(DATA FOR THIS TASK)

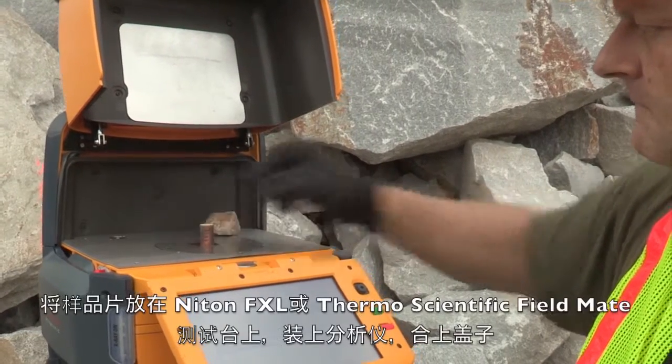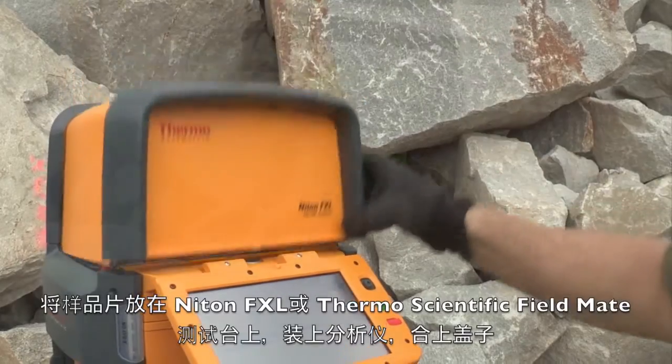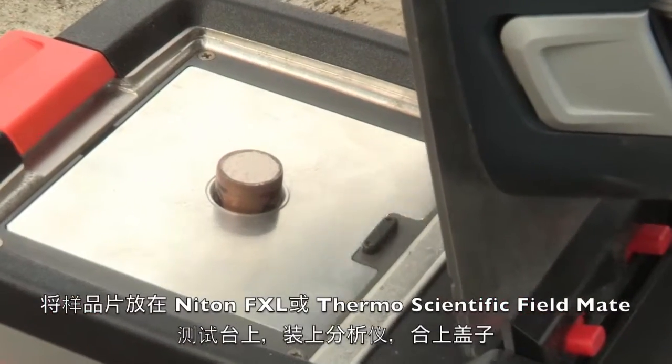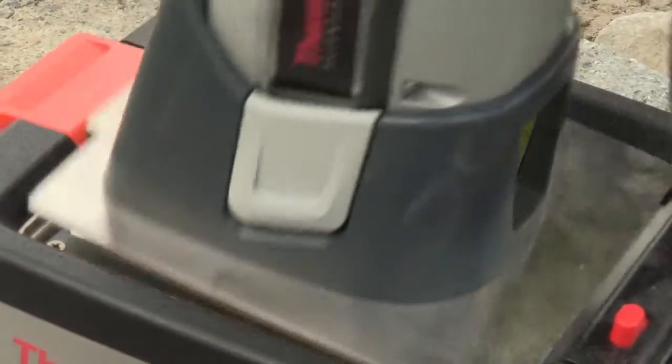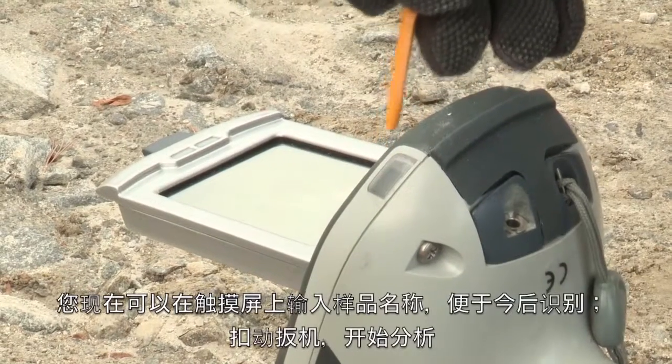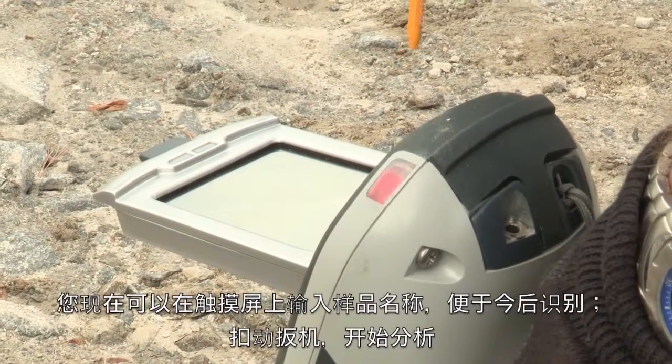Place the pellet directly on the Niton FXL or in the Thermo Scientific Field-Mate test stand, and with the analyzer installed, close the lid. You can now enter the name of the sample on the touch screen of the analyzer for later identification, and then click the trigger to begin your analysis.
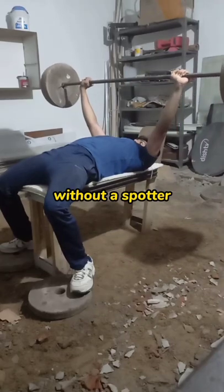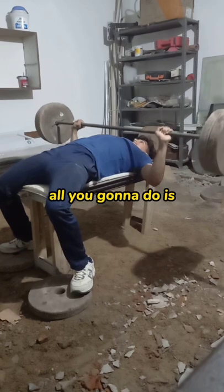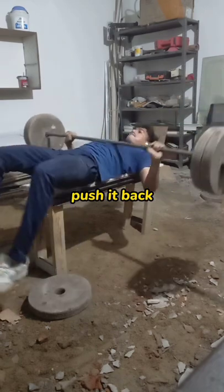If you're ever benching without a spotter and you can't get the weight back up, instead of rolling it off your stomach or throwing the weight to the side, all you're going to do is press it up in this motion, then place it back on the rack.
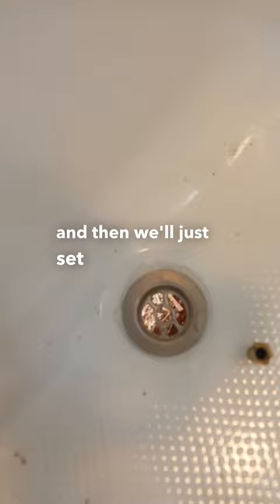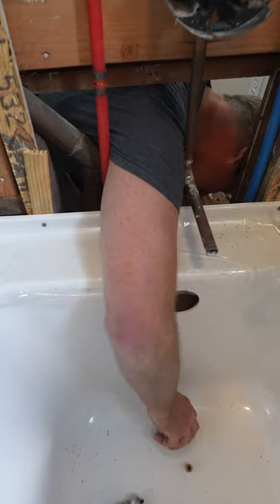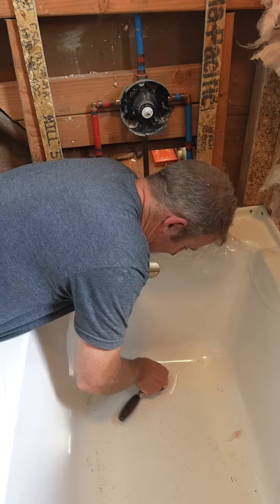So what I'm going to do is reach under here. Make sure you have plenty of silicone around that.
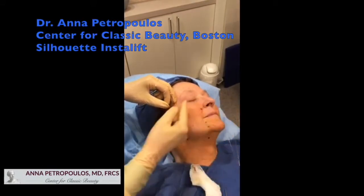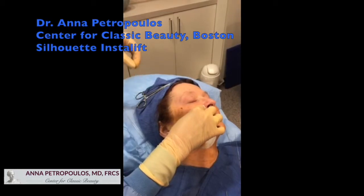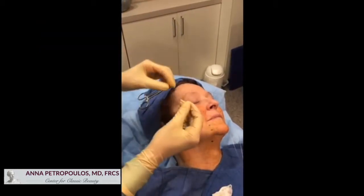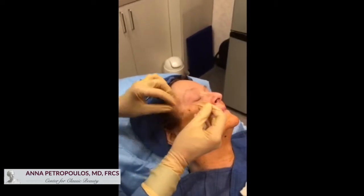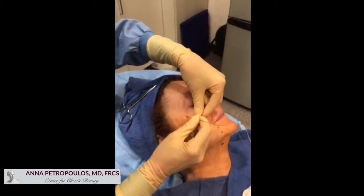We go to the halfway mark and then get the posteriorly oriented cannula. We enter it with the bevel facing posteriorly while retracting the suture to give us access to our puncture hole.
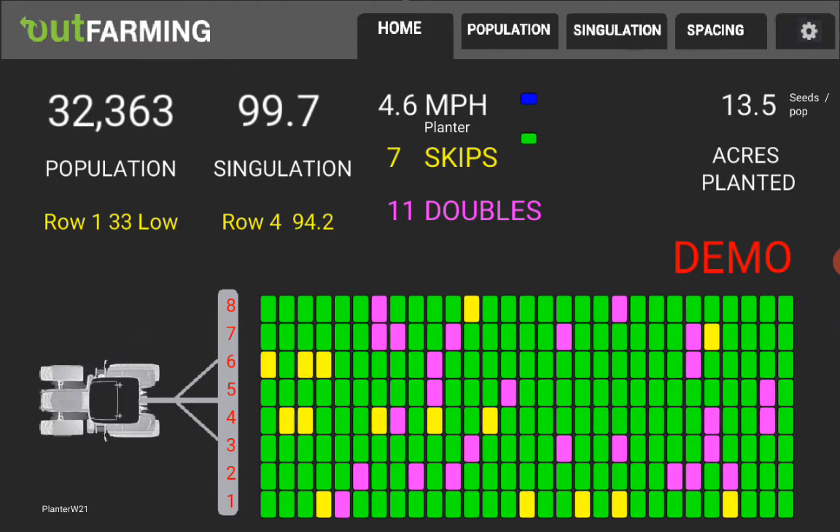The acres planted since you started is displayed here. It's simply a count of the total number of seeds that you've planted divided by a targeted population of what you've got the planter set for.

(TASK DIRECTIONS) A word-for-word copy of the lines from the start of the listing through the line containing "So what I'm" is the answer. Pictures stay out of it.

(RESPONSE TO THE EXERCISE)
Place the pellet directly on the Niton FXL or in the Thermo Scientific Field-Mate test stand, and with the analyzer installed, close the lid. You can now enter the name of the sample on the touch screen of the analyzer for later identification, and then click the trigger to begin your analysis.
If you're ever benching without a spotter and you can't get the weight back up, instead of rolling it off your stomach or throwing the weight to the side, all you're going to do is press it up in this motion, then place it back on the rack.
So what I'm going to do is reach under here. Make sure you have plenty of silicone around that.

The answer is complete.